Immerhin kann niemand behaupten, dass die Wiener nicht gerne mit U-Bahn, Tramway und Bus fahren: Schließlich werden in Wien 36 Prozent der Wege mit den öffentlichen Verkehrsmitteln zurückgelegt - damit liegt die Bundeshauptstadt im internationalen Vergleich ganz weit vorne. Im Spitzenfeld sind die Wiener Linien auch mit ihrem hohen Anteil an Jahreskarten (250.000) - zumal diese im internationalen Vergleich schon jetzt als günstig eingestuft werden können. Daher wurde der grüne Wahlkampfschlager, die Netzkarte massiv zu verbilligen, als geradezu hirnrissig bezeichnet - anfangs auch in Teilen der SPÖ.
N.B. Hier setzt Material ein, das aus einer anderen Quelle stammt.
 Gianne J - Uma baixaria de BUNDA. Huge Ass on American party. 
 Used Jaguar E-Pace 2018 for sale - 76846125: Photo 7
Die nunmehrige Einigung auf die markante Formel 1Euro pro Tag für die Öffis dürfte vor allem ein marketingtechnisches Ziel verfolgen. Nicht nur, dass die rot-grüne Stadtregierung fast genau ein Jahr nach der Wien-Wahl ihren ersten breitenwirksamen Erfolg zelebrieren kann, hat diese antizyklische Investition durchaus Potenzial, anderswo Nachahmer zu finden. Tatsächlich gibt es weltweit keine Kommune dieser Größe, die eine Tarifreform in diesem Ausmaß - und noch dazu in schwierigen Zeiten - umsetzt. Während in Wien sonst oft Themen diskutiert werden, die anderswo längst gang und gäbe sind (etwa die City-Maut), kann sich die Bundeshauptstadt nun durchaus auf die Fahnen heften, einmal internationaler Vorreiter zu sein.

Allerdings wird sich erst in zwei bis drei Jahren zeigen, ob die 25 bis 30 Millionen Euro teure Reform auch tatsächlich ein Erfolg ist. Dazu bräuchte es wohl weiterführende Maßnahmen im Verkehr wie die ohnedies geplante Ausweitung des Parkpickerls über den Gürtel hinaus oder bessere Angebote für Pendler.

Denn gerade bei Letzteren gibt es enormen Handlungsbedarf: Von den täglich nach Wien fahrenden 528.000 Personen kommen 79Prozent mit dem Auto und nur 21Prozent mit S-Bahn oder Bus. Hier eine Trendwende einzuleiten, wird allein mit einer billigeren Jahreskarte nicht funktionieren - sondern einzig über ein gemeinsames Konzept für die Ostregion, das am Ende raschere Verbindungen und dichtere Intervalle bringt.